Yo había sacado el tema un par de veces, confiaba que de forma despreocupada, pero Alex siempre se había resistido a comprometerse a ir conmigo. Todo el mundo sabía que la primera reunión de ex alumnos era una fiesta inolvidable, y aunque Alex nunca se habría atrevido a admitirlo, yo tenía la impresión de que quería ir con Max y los demás chicos. No había vuelto a insistirle, suponiendo que Lily y yo haríamos nuestro propio plan y al final acabaríamos todos juntos. Sin embargo Alex, cómo no, había percibido lo mucho que me apetecía ir con él como pareja y lo había organizado todo.
– Sí, ya está todo planeado. Tendremos un coche de alquiler, de hecho un jeep, y he reservado una habitación en el Biltmore.
– ¿En el Biltmore? ¿Bromeas? ¿Has reservado una habitación en el Biltmore? Es fantástico.
– Bueno, siempre decías que querías probar ese hotel, así que pensé que había llegado el momento. También he reservado una mesa para diez en Alfonso, para desayunar el domingo, y así vernos todos.
– ¿En serio que ya has hecho todo eso?
– Sí. Pensé que te haría ilusión, por eso estaba deseando contártelo, pero por lo visto estabas demasiado ocupada para llamarme.
– Alex, estoy muy contenta. No tienes ni idea de la ilusión que me hace y no puedo creer que ya lo hayas organizado todo. Siento mucho lo ocurrido. Estoy deseando que llegue octubre. Lo pasaremos en grande, y todo gracias a ti.

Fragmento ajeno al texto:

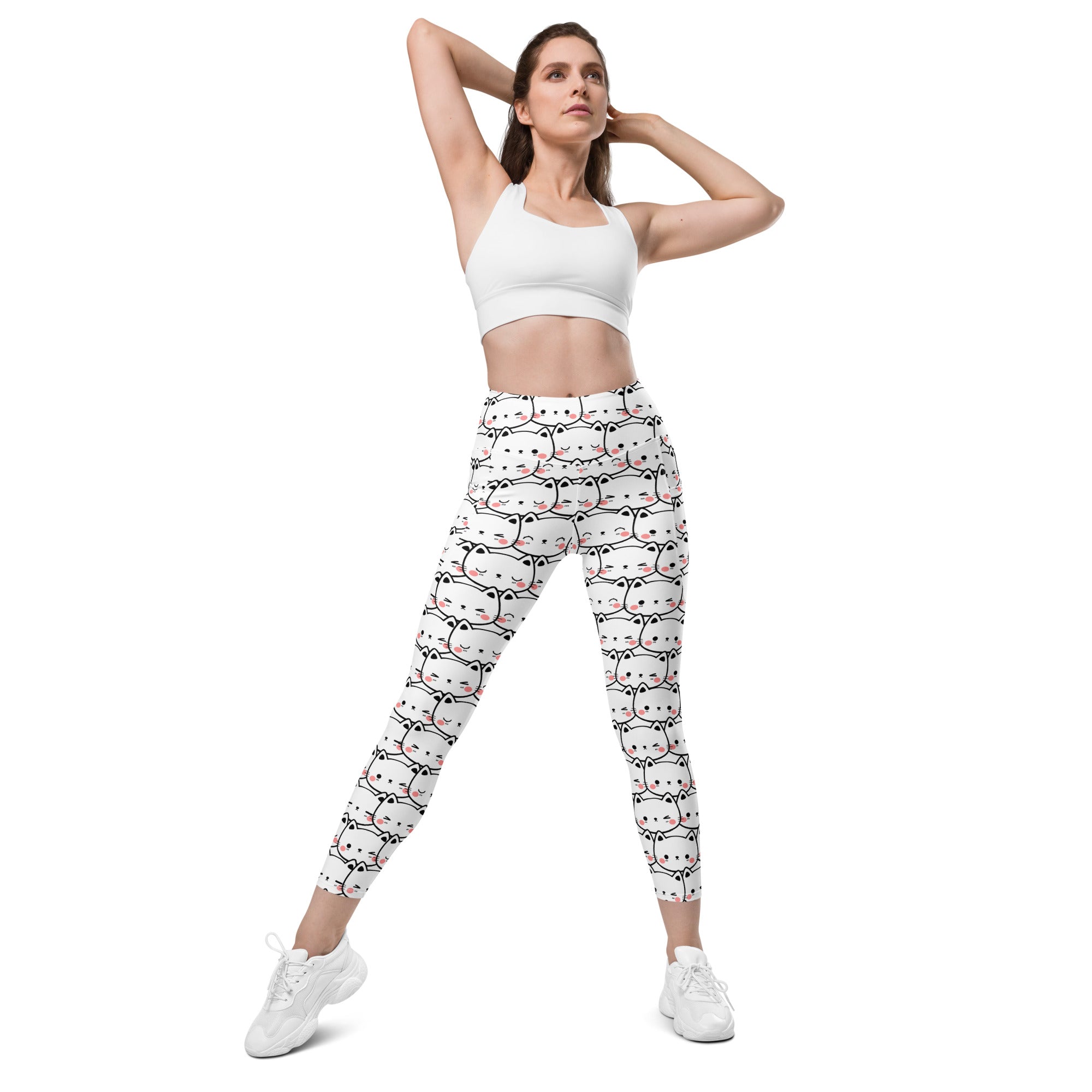 White women’s kawaii cat face yoga leggings with pockets featuring black outlined cartoon cats and pink blush marks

Hablamos unos minutos más. Cuando colgué, Alex ya no parecía enfadado, pero yo apenas podía moverme. El esfuerzo de reconquistarlo, de encontrar las palabras adecuadas no solo para convencerle de que no me había olvidado de él sino también para asegurarle que estaba agradecida e ilusionada, había agotado mis últimas reservas de energía. No recuerdo haber subido al coche ni el trayecto hasta casa, ni si saludé a John Fisher-Galliano al entrar en mi edificio. Además de un profundo agotamiento que de tanto como dolía era casi placentero, lo único que recuerdo haber sentido fue alivio al ver que la puerta de Lily estaba cerrada y no salía luz por debajo. Pensé en encargar algo de comida, pero la idea de buscar una carta y el teléfono me abrumaba en exceso. He aquí otra comida que, sencillamente, no tendría lugar.
Me senté en el deteriorado cemento de mi nuevo balcón sin muebles y fumé ociosamente un cigarrillo. Sin energía siquiera para echar el humo, dejé que saliera lentamente de mi boca y flotara alrededor. En un momento dado oí la puerta de Lily y el ruido de unos pasos por el pasillo, pero apagué rápidamente la luz y guardé silencio. Había pasado quince horas seguidas hablando y no podía pronunciar una palabra más.